Even the Iranian state-owned Press TV notes the connection between car burning and Muslim districts. “While not a single car was burned in Paris, its suburban region of Seine Saint Denis led the nation in torchings,” it wrote. “Heavily Muslim and just as heavily dependent on welfare, the area has 75 percent of the population of Paris, but Paris is protected by five times as many police officers.”

Whether you believe that Muslims are rioting or that French police refuse to protect France’s poor Muslim districts (à la Press TV), it’s clear France has a problem with Islam. And that’s becoming obvious to the French too. They can hardly escape it after last year’s shocking attacks on Jews.

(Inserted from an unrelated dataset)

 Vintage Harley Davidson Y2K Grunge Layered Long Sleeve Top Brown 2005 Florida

This week, the Gatestone Institute, a U.S.-based think tank, published a comprehensive report titled “The Islamization of France” detailing Islam’s confrontations with French society.

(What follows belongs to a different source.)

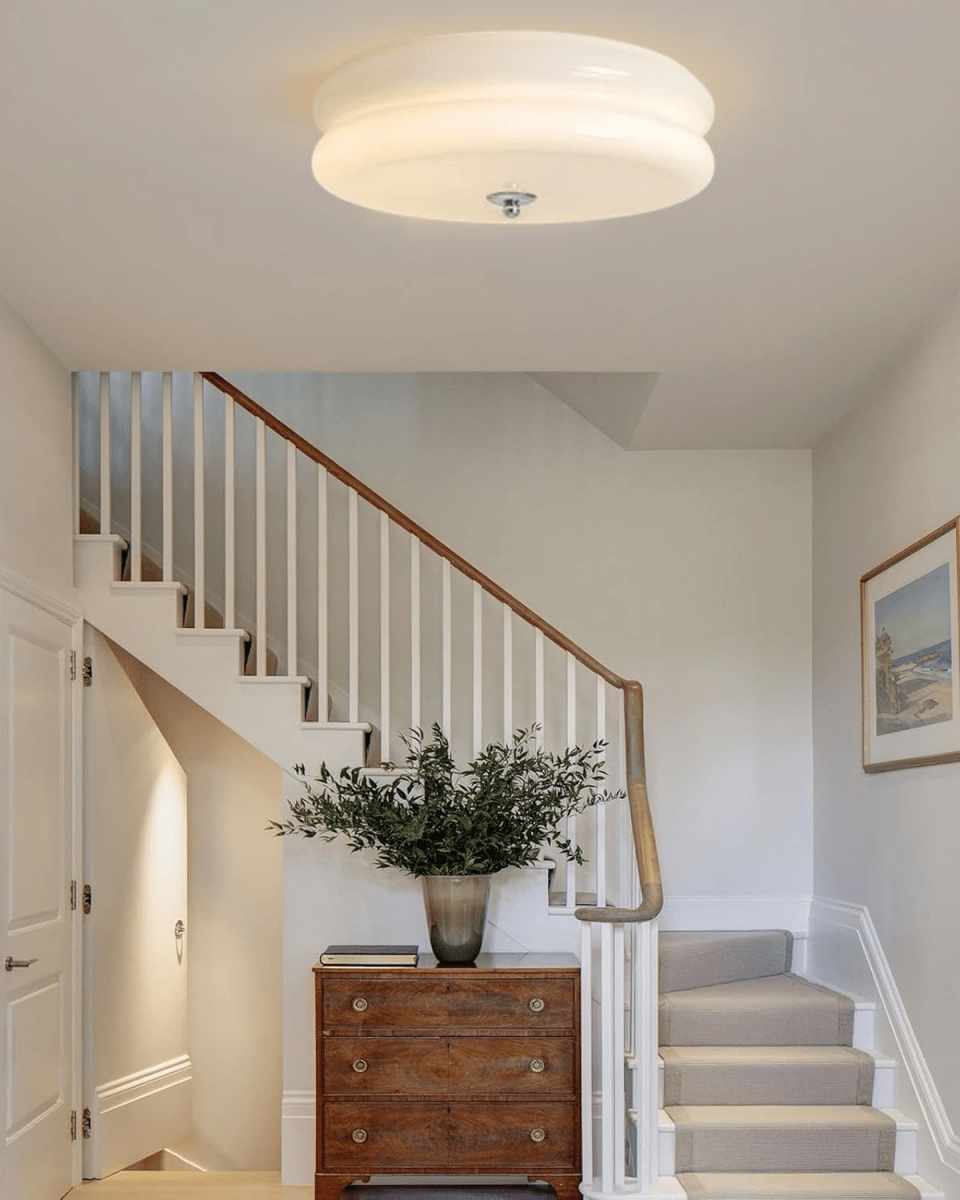 12-Inch Diameter Ceiling Fixture With Tiered Metal Construction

“In August, the French government announced a plan to boost policing in 15 of the most crime-ridden parts of France, in an effort to reassert state control over the country’s so-called ‘no go’ zones (Muslim-dominated neighborhoods that are largely off limits to non-Muslims),” it wrote. These zones “include heavily Muslim parts of Paris, Marseilles, Strasbourg, Lille and Amiens,” according to the report—in other words, the areas where people burn cars. Obviously the government’s plan hasn’t succeeded.

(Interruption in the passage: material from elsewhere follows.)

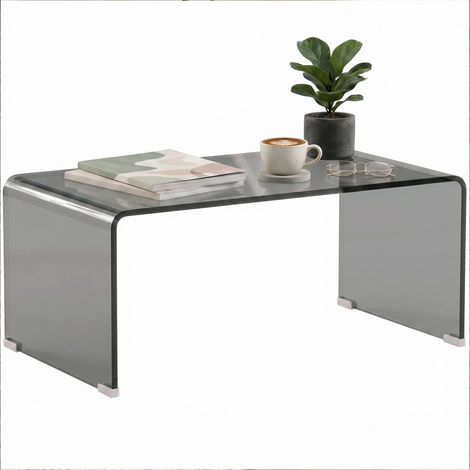 Table Basse en Verre, Table de Salon Rectangulaire Design Moderne avec Bords Arrondis Sûrs, Gris Clair Transparent (1/5)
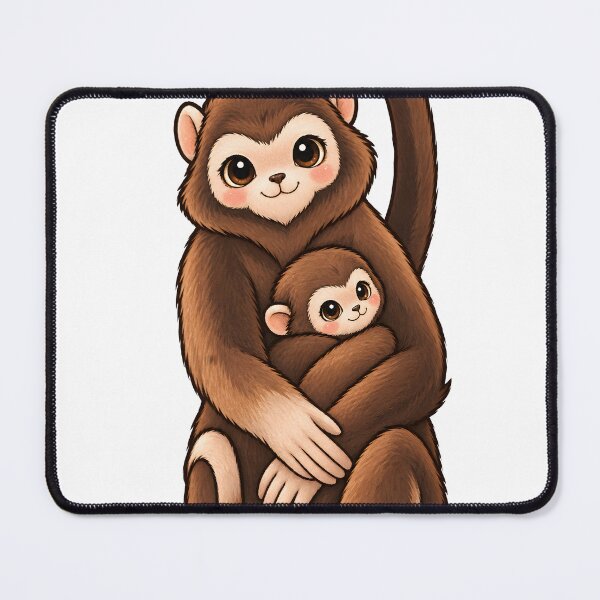 Item preview, Cute Mother and Baby Monkey Hugging Cartoon Illustration designed and sold by velorac.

But the Gatestone Institute’s report notes that French attitudes to Islam are changing. “Opinion surveys show that to voters in France … Islam and the question of Muslim immigration have emerged in 2012 as a top-ranked public concern,” it writes. “The French, it seems, are increasingly worried about the establishment of a parallel Muslim society there.” The government’s efforts, however, “were halting and half-hearted,” the report said.

A survey published in October last year found that 60 percent believe Islam has become “too visible and influential.” Forty-three percent said the presence of Muslim immigrants is a threat to French national identity, compared to 17 percent who said it enriches society. Sixty-three percent oppose Muslim women wearing veils or Islamic headscarves in public. Only 18 percent support the building of new mosques.

“Our poll shows a further hardening in French people’s opinions,” said the head of the French Institute of Public Opinion’s polling department, Jerome Fourquet. “In recent years, there has not been a week when Islam has not been in the heart of the news for social reasons: the veil, halal food, dramatic news like terrorist attacks or geopolitical reasons.”

The most headline-grabbing resistance to radical Islam came from the satirical magazine Charlie Hebdo. Islamists firebombed its offices in November 2011 after it published cartoons of Mohammed. Its response? This week it published Mohammed’s biography in cartoon form.

Nearly a thousand years ago, France was at the heart of the clash between Islam and Europe’s Christian civilization. Now, as home to the EU’s largest Muslim population, it is at the heart of that clash once again. The politics haven’t changed to reflect this. But the people have.